_PROBLEM DESCRIPTION_
Write out each record exactly as it stands. No pictures belong in the copy.

_Caption-style text data_
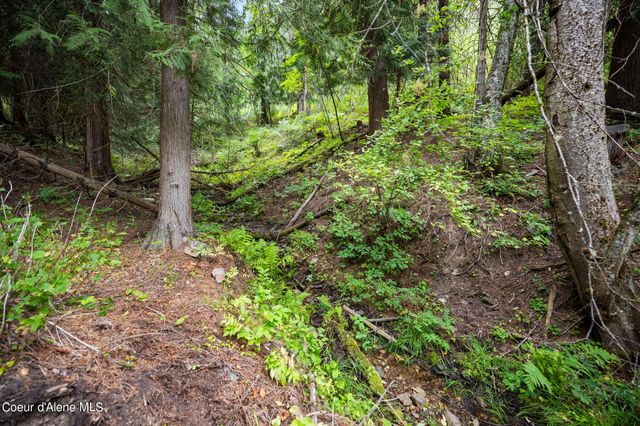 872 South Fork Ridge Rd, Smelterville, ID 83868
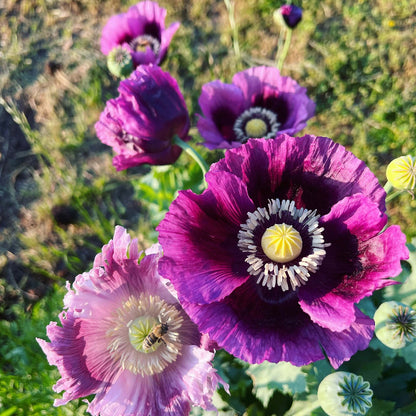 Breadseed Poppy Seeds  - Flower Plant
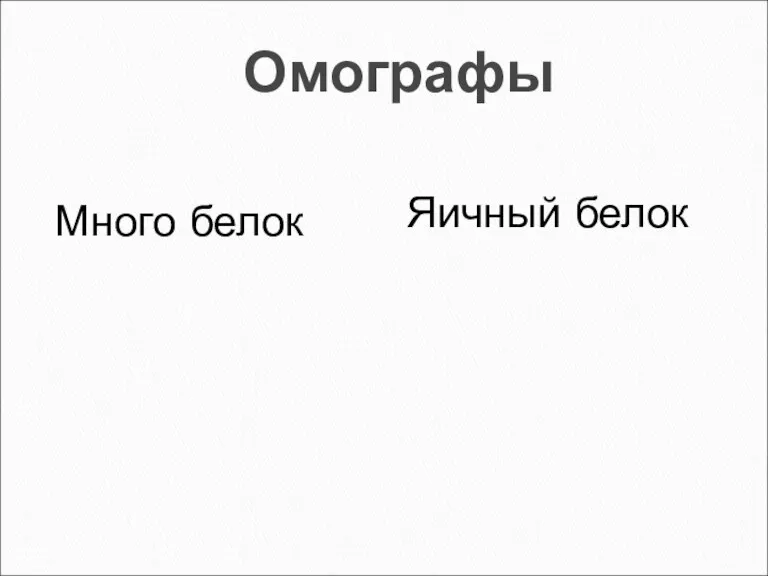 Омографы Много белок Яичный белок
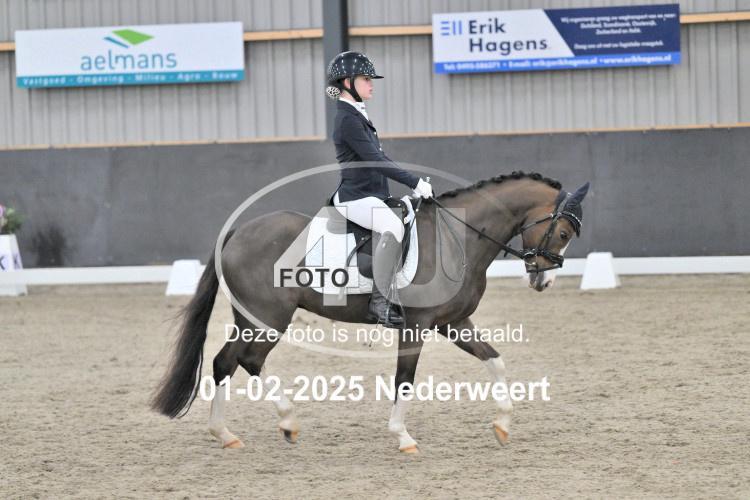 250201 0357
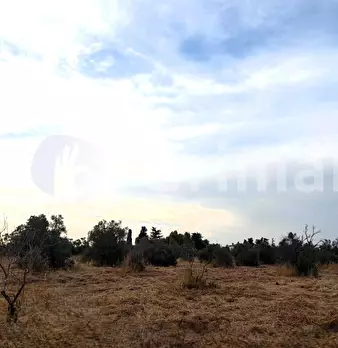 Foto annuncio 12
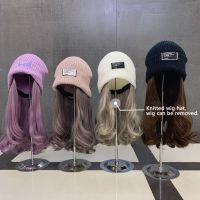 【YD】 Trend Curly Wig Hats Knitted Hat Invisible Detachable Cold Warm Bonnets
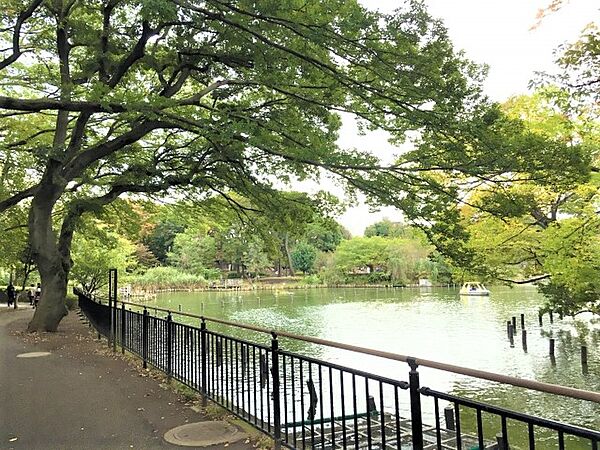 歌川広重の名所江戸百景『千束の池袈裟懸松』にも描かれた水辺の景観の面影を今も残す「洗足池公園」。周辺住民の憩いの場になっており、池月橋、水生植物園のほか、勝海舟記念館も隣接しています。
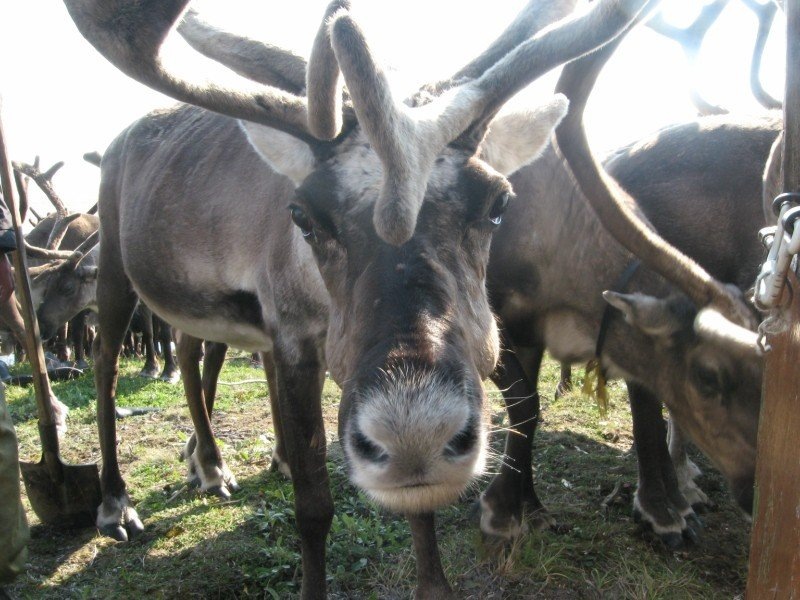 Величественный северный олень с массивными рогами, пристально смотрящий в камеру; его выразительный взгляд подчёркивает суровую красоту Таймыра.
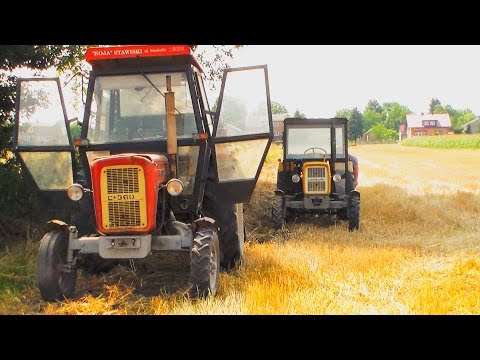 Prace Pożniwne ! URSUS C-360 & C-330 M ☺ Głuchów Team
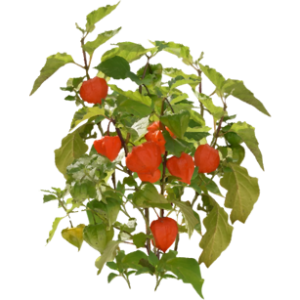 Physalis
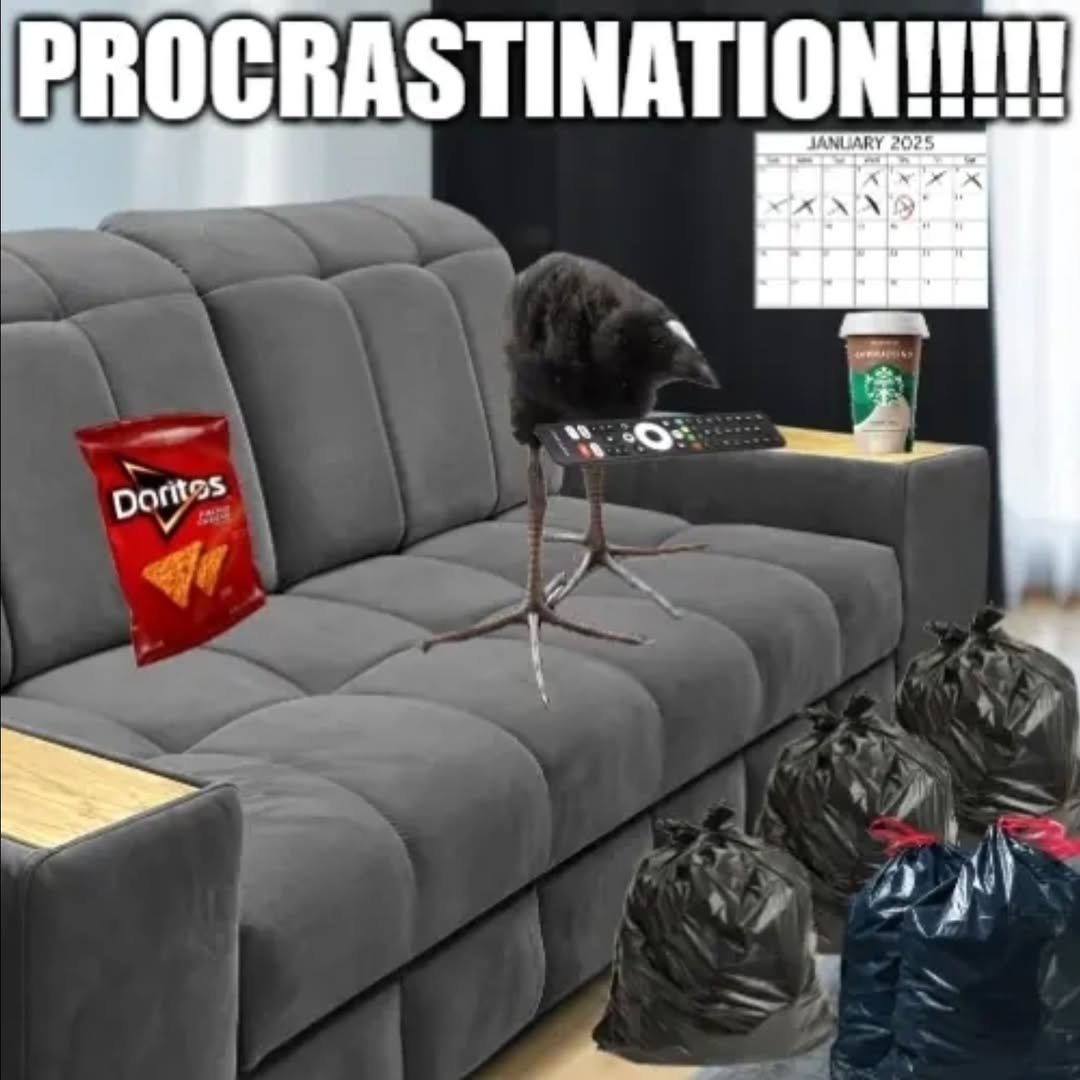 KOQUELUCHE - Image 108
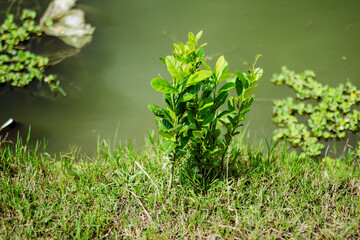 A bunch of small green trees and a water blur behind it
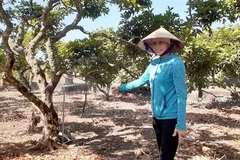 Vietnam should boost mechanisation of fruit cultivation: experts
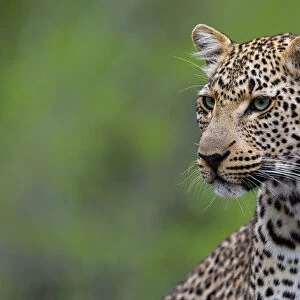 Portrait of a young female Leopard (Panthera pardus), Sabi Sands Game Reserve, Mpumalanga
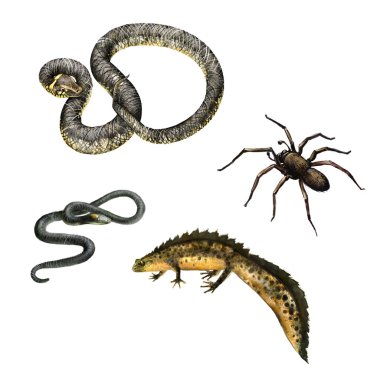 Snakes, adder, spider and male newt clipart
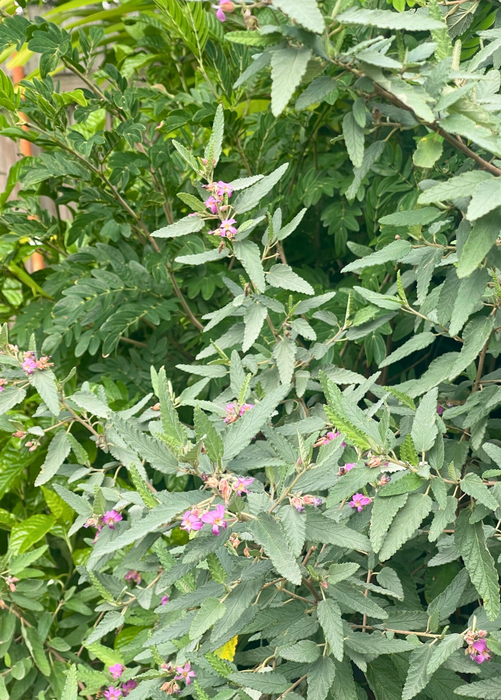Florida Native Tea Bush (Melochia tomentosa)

_WRITTEN RESPONSE_
 872 South Fork Ridge Rd, Smelterville, ID 83868
 Breadseed Poppy Seeds  - Flower Plant
 Омографы Много белок Яичный белок
 250201 0357
 Foto annuncio 12
 【YD】 Trend Curly Wig Hats Knitted Hat Invisible Detachable Cold Warm Bonnets
 歌川広重の名所江戸百景『千束の池袈裟懸松』にも描かれた水辺の景観の面影を今も残す「洗足池公園」。周辺住民の憩いの場になっており、池月橋、水生植物園のほか、勝海舟記念館も隣接しています。
 Величественный северный олень с массивными рогами, пристально смотрящий в камеру; его выразительный взгляд подчёркивает суровую красоту Таймыра.
 Prace Pożniwne ! URSUS C-360 & C-330 M ☺ Głuchów Team
 Physalis
 KOQUELUCHE - Image 108
 A bunch of small green trees and a water blur behind it
 Vietnam should boost mechanisation of fruit cultivation: experts
 Portrait of a young female Leopard (Panthera pardus), Sabi Sands Game Reserve, Mpumalanga
 Snakes, adder, spider and male newt clipart
Florida Native Tea Bush (Melochia tomentosa)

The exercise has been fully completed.